DATA LISTING:
###

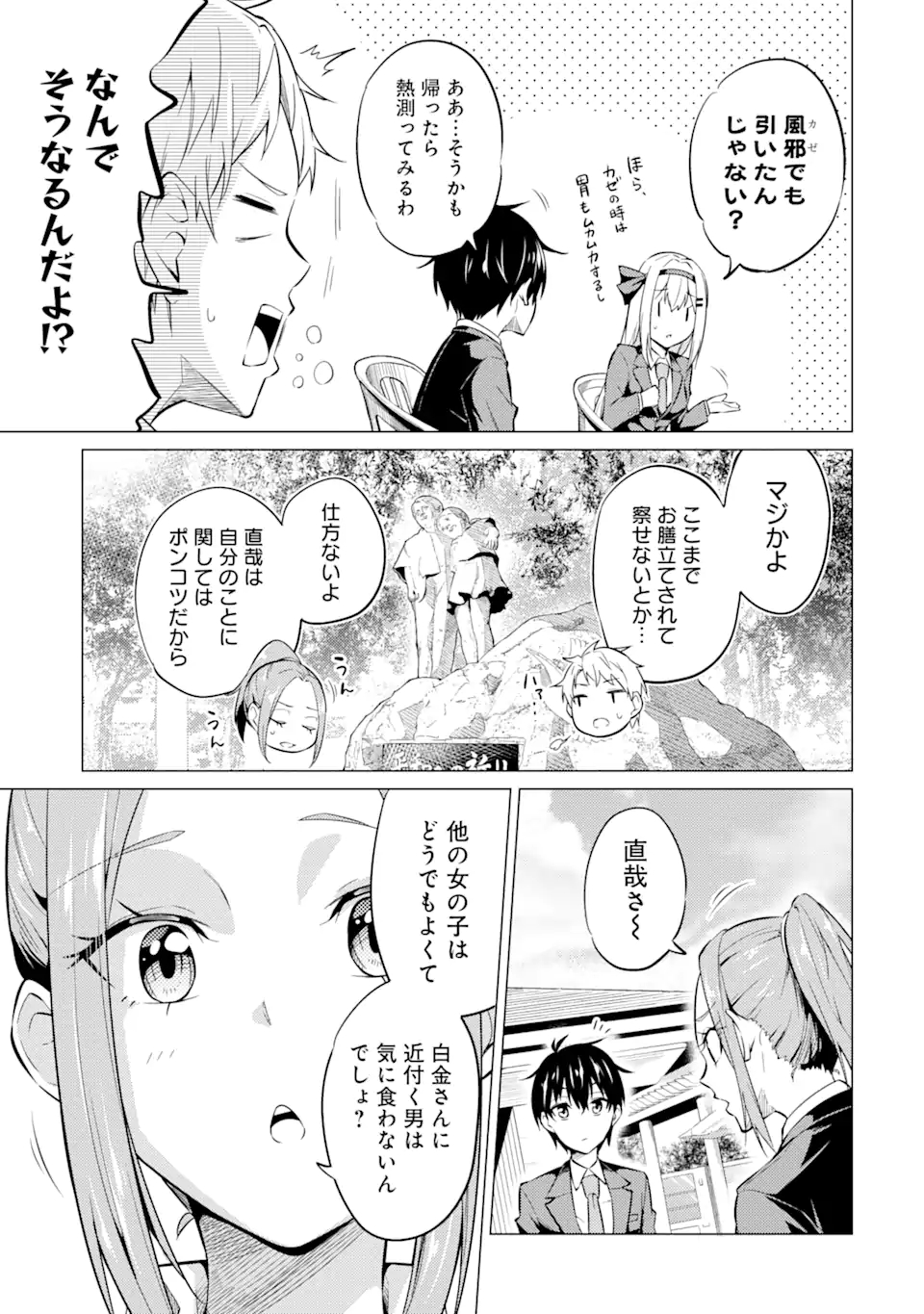 Yatarato Sasshi no Ii Ore wa, Dokuzetsu Kuudere Bishoujo no Chiisana Dere mo Minogasazu ni Guigui Iku - Chapter 4.1 - Page 5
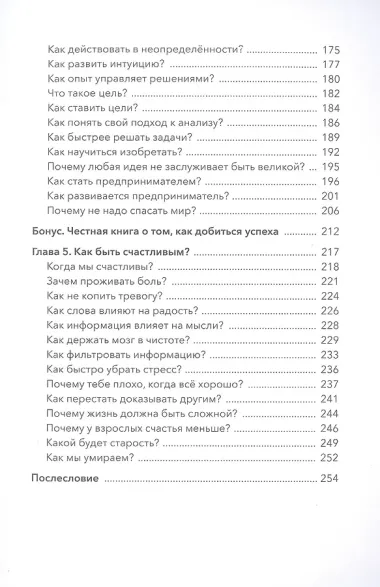 Просто о мозге. Как знания о мозге помогают получить больше
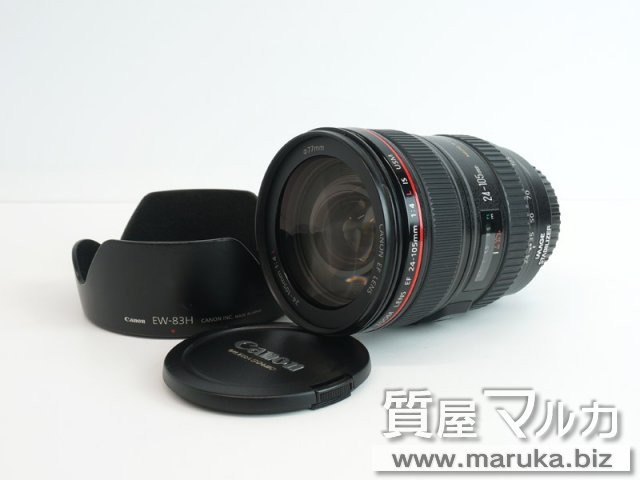 キヤノン EFレンズ 24-105mm F4L IS USMの買取・質預かり｜大阪の質屋マルカ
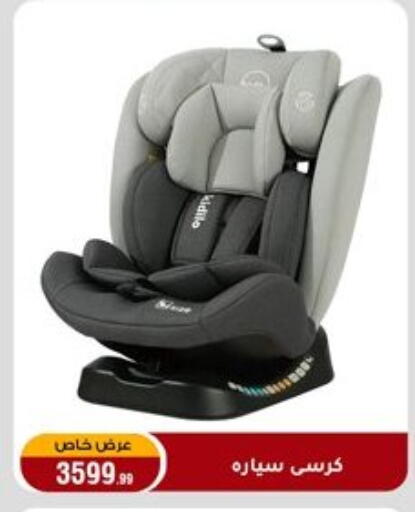 available at المرشدي in Egypt - القاهرة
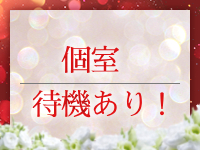 アロマファンタジー恵比寿で働くメリット5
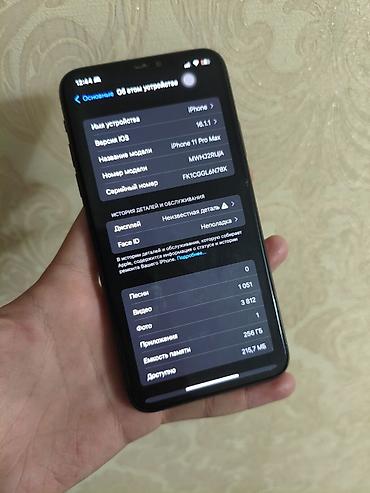 xiaomi redmi note 13: IPhone 11 Pro Max, Б/у, 256 ГБ, Черный, 86 % — 4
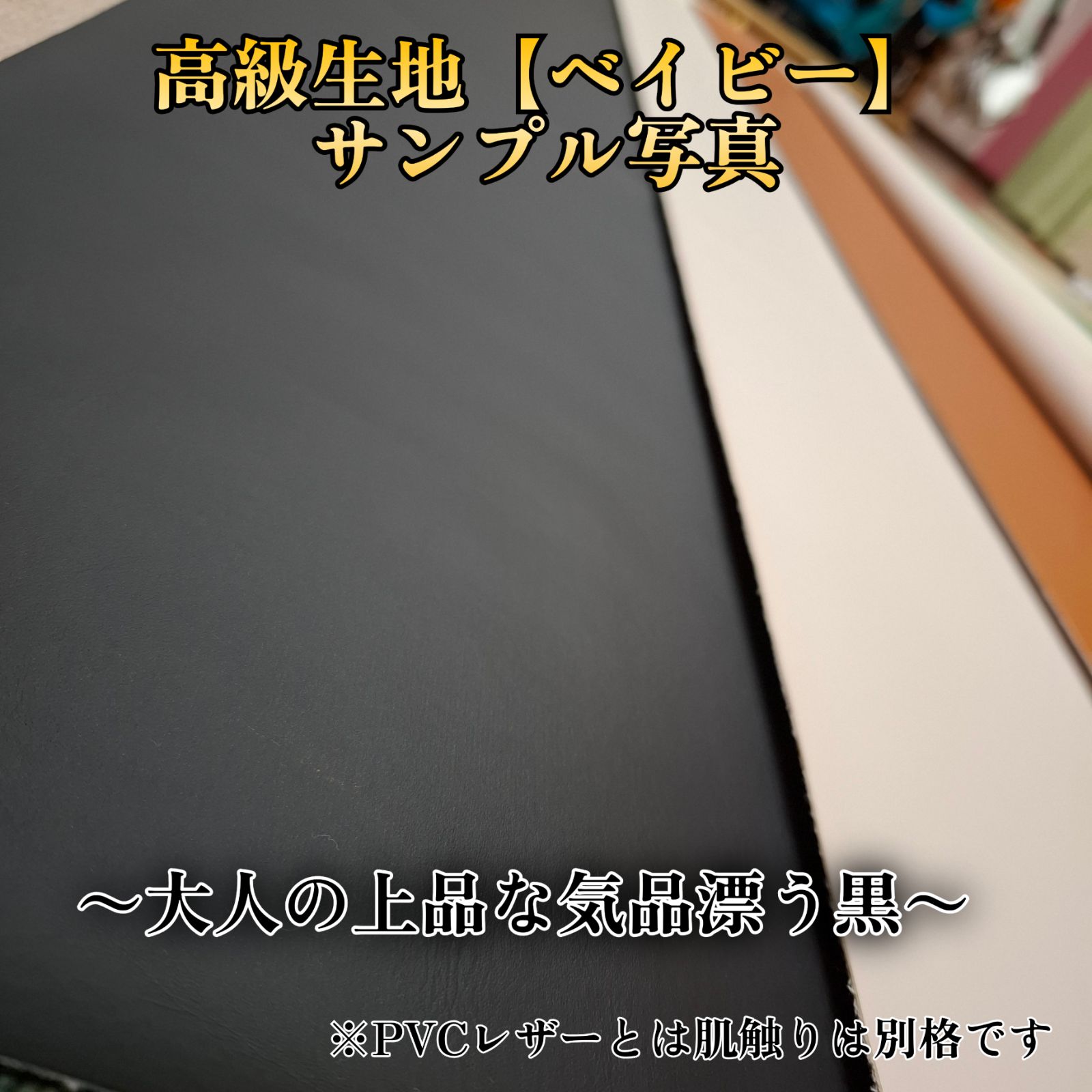 ゴリパネ】ワイド用 高級ベイビー貼りハイエース200系ダッシュパネル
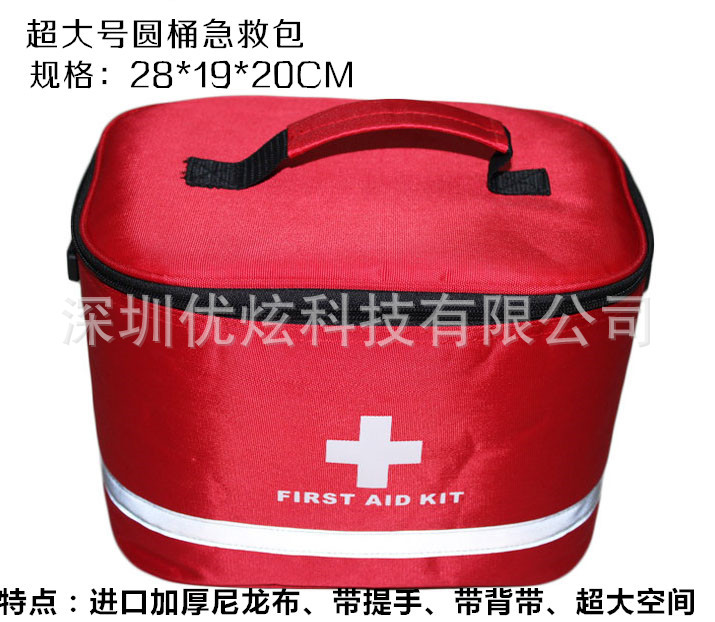 出口外贸车载家庭旅行急救包17件套装 户外车用急救包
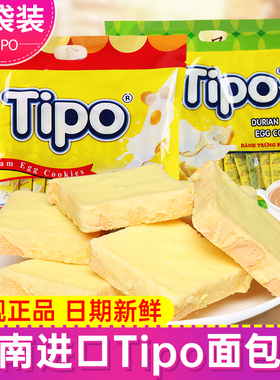 越南进口Tipo面包干牛奶榴莲味鸡蛋奶油早餐饼干小零食270g*3袋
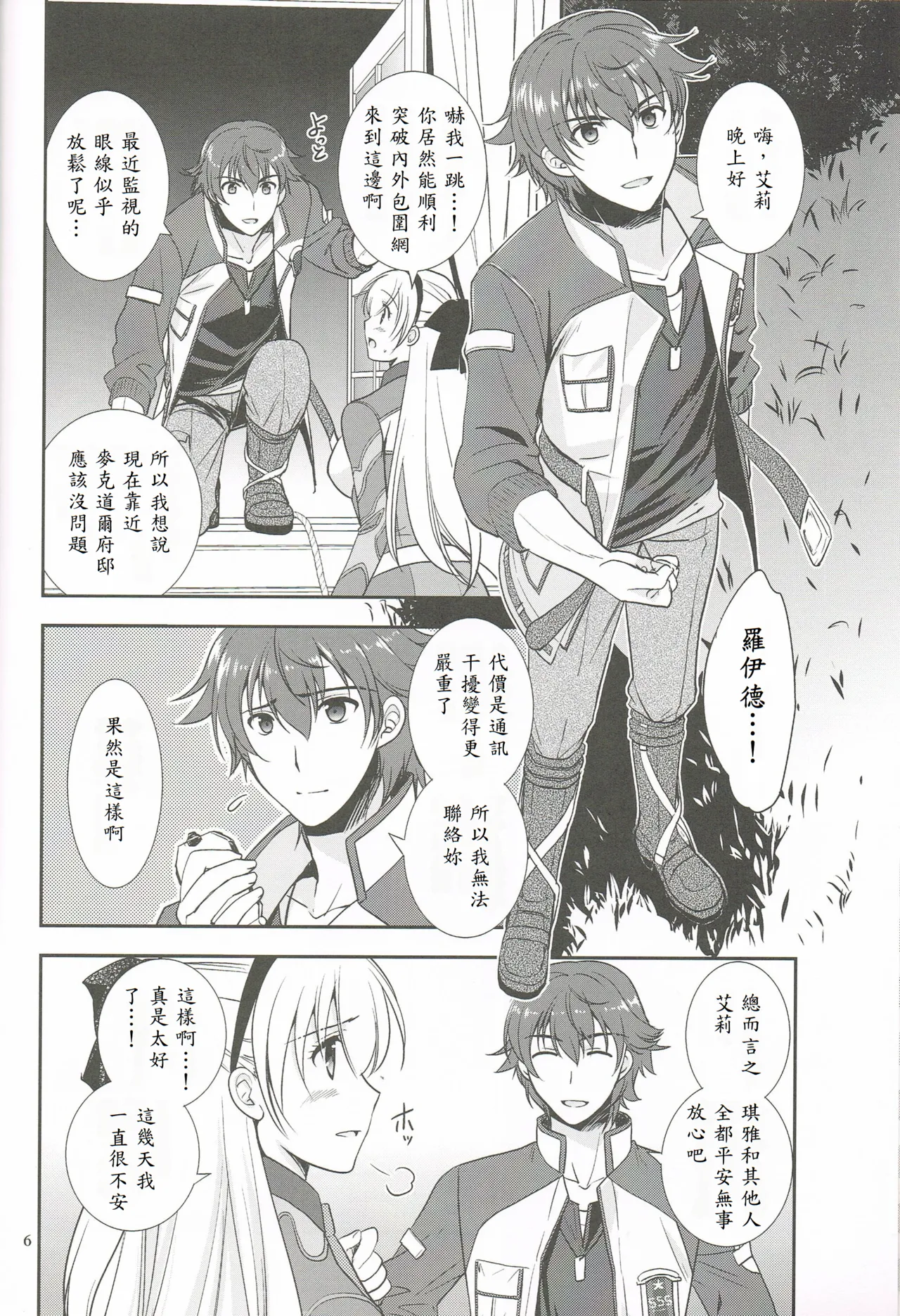 (C95) [C.A.T (Morisaki Kurumi)] Mato no Tsukiyo ni (The Legend of Heroes: Sen no Kiseki) [Chinese] [山嵐个人汉化] numero di immagine  5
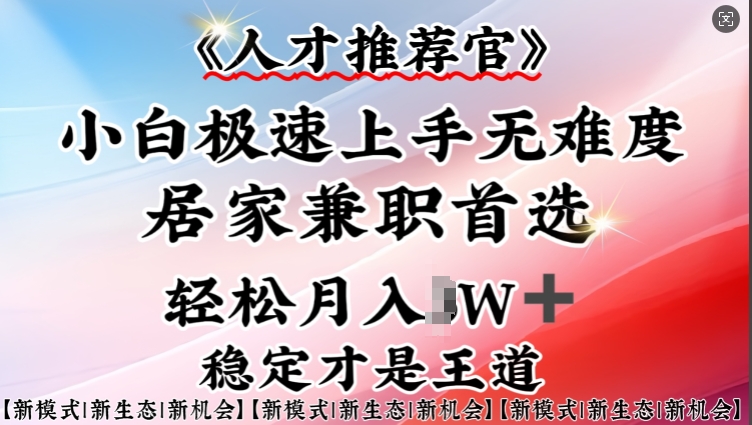 人才推荐官—小白轻松上手实操，居家兼职首选，一部手机即可-米落轻创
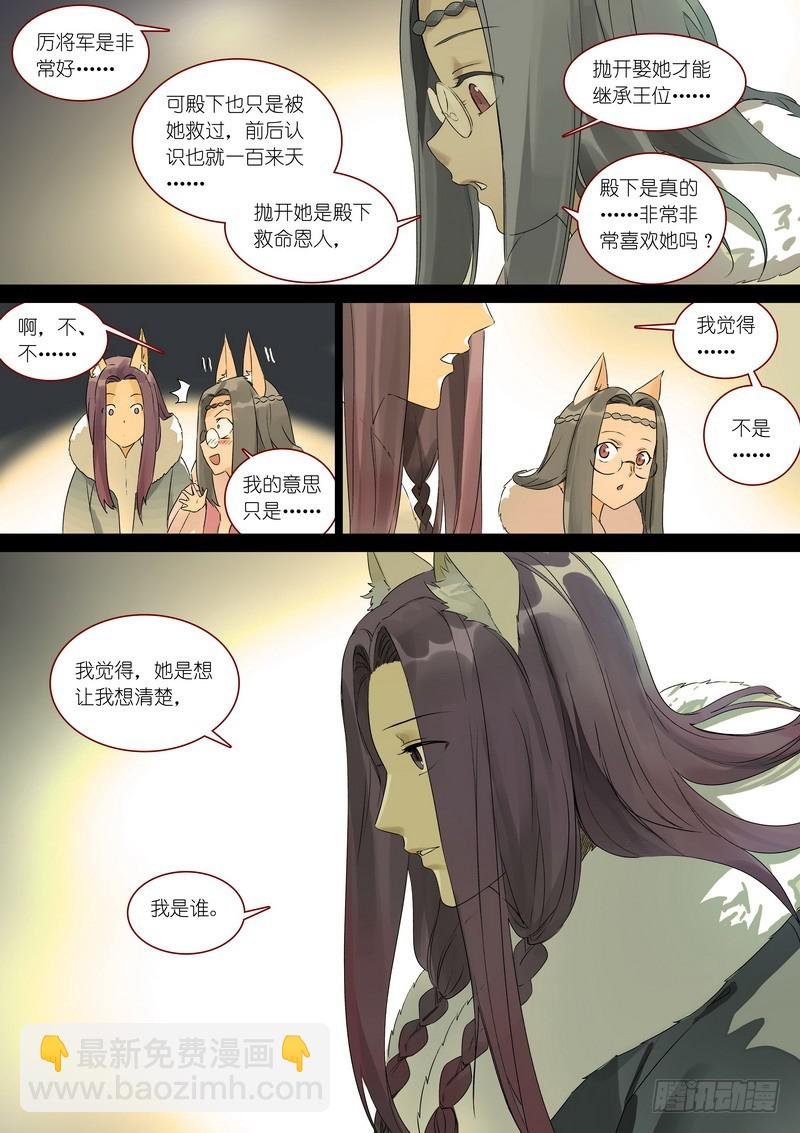 总362·第一百次之前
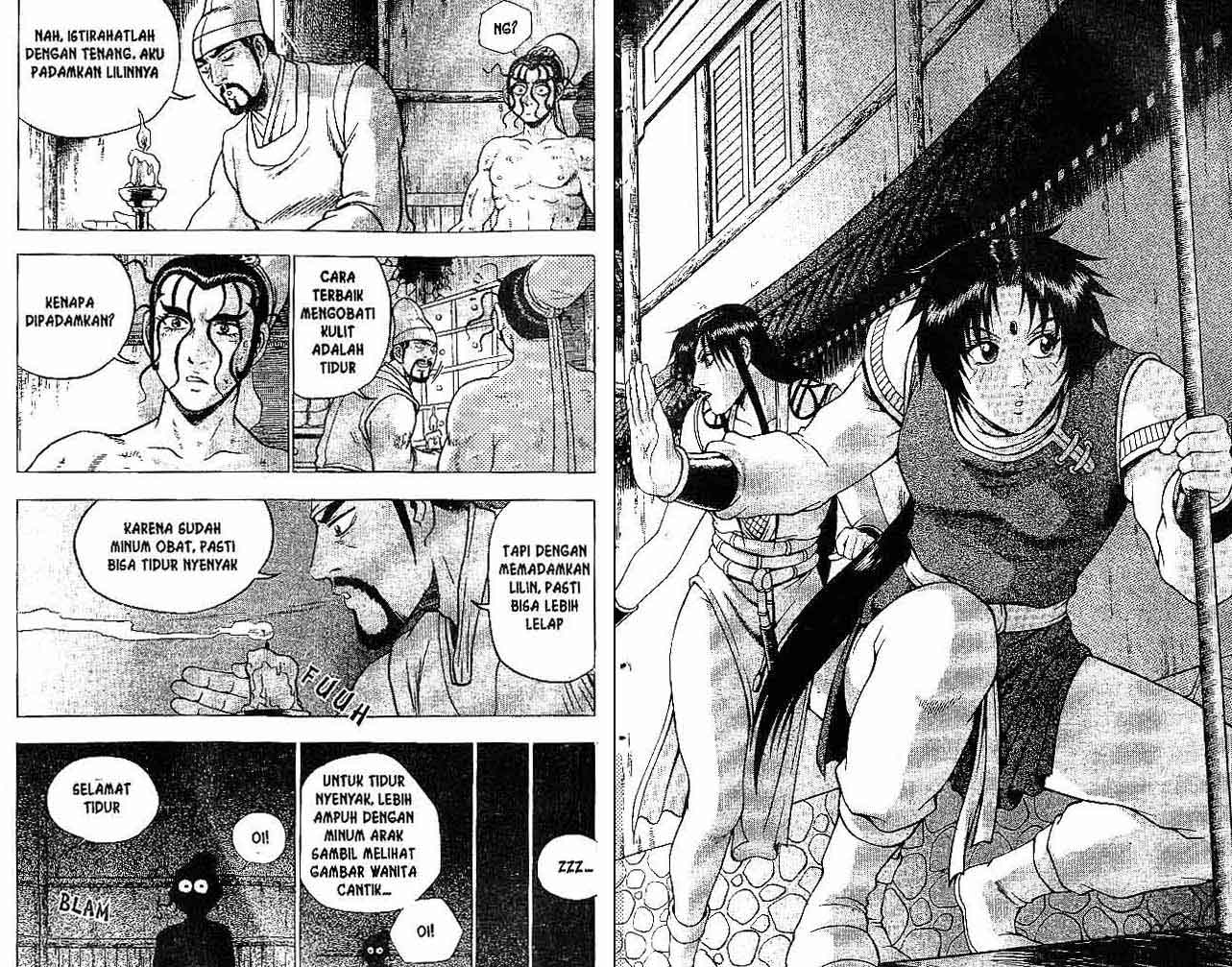 Ruler of the Land Chapter 39 (volume) Image 3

###

YOUR OBJECTIVE:
Copy exactly the part of the material above that opens with the line containing "キヤノン EFレンズ 24-105mm" and closes with the line containing "越南进口Tipo面包干牛奶榴莲味鸡蛋奶油早餐饼干小零食270g*3袋", ends included. Drop the images.

ANSWER TO THIS PROBLEM:
 キヤノン EFレンズ 24-105mm F4L IS USMの買取・質預かり｜大阪の質屋マルカ
 available at المرشدي in Egypt - القاهرة
 アロマファンタジー恵比寿で働くメリット5
 xiaomi redmi note 13: IPhone 11 Pro Max, Б/у, 256 ГБ, Черный, 86 % — 4
 ゴリパネ】ワイド用 高級ベイビー貼りハイエース200系ダッシュパネル
 出口外贸车载家庭旅行急救包17件套装 户外车用急救包
 越南进口Tipo面包干牛奶榴莲味鸡蛋奶油早餐饼干小零食270g*3袋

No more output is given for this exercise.